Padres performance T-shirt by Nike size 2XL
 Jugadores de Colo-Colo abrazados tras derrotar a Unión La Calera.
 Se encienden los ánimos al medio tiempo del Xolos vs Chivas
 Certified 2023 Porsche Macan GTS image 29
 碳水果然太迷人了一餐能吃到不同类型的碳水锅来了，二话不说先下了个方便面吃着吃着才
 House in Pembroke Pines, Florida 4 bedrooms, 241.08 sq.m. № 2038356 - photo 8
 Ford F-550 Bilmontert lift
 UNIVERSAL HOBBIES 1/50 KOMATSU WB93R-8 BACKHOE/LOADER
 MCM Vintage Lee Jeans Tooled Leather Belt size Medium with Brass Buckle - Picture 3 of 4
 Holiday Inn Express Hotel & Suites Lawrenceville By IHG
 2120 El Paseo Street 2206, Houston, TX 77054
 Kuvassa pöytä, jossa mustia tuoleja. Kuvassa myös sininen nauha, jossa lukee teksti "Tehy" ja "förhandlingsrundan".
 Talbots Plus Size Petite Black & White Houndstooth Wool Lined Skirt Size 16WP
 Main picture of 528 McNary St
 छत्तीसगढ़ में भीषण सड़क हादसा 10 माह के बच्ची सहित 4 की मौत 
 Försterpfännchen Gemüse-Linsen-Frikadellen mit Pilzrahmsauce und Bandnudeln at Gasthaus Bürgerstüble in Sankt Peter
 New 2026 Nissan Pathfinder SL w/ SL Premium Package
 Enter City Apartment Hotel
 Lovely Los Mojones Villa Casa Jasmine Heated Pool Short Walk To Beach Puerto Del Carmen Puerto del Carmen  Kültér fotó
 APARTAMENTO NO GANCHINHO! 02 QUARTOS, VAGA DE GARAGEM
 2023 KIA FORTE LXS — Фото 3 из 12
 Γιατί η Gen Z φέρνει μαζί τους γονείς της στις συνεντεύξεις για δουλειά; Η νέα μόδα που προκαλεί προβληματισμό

++++

◆ Activity:
Beginning at the top of the data, extract each line through the line containing "House in Pembroke" and return those lines exactly, with nothing added.

◆ Answer to this problem:
Padres performance T-shirt by Nike size 2XL
 Jugadores de Colo-Colo abrazados tras derrotar a Unión La Calera.
 Se encienden los ánimos al medio tiempo del Xolos vs Chivas
 Certified 2023 Porsche Macan GTS image 29
 碳水果然太迷人了一餐能吃到不同类型的碳水锅来了，二话不说先下了个方便面吃着吃着才
 House in Pembroke Pines, Florida 4 bedrooms, 241.08 sq.m. № 2038356 - photo 8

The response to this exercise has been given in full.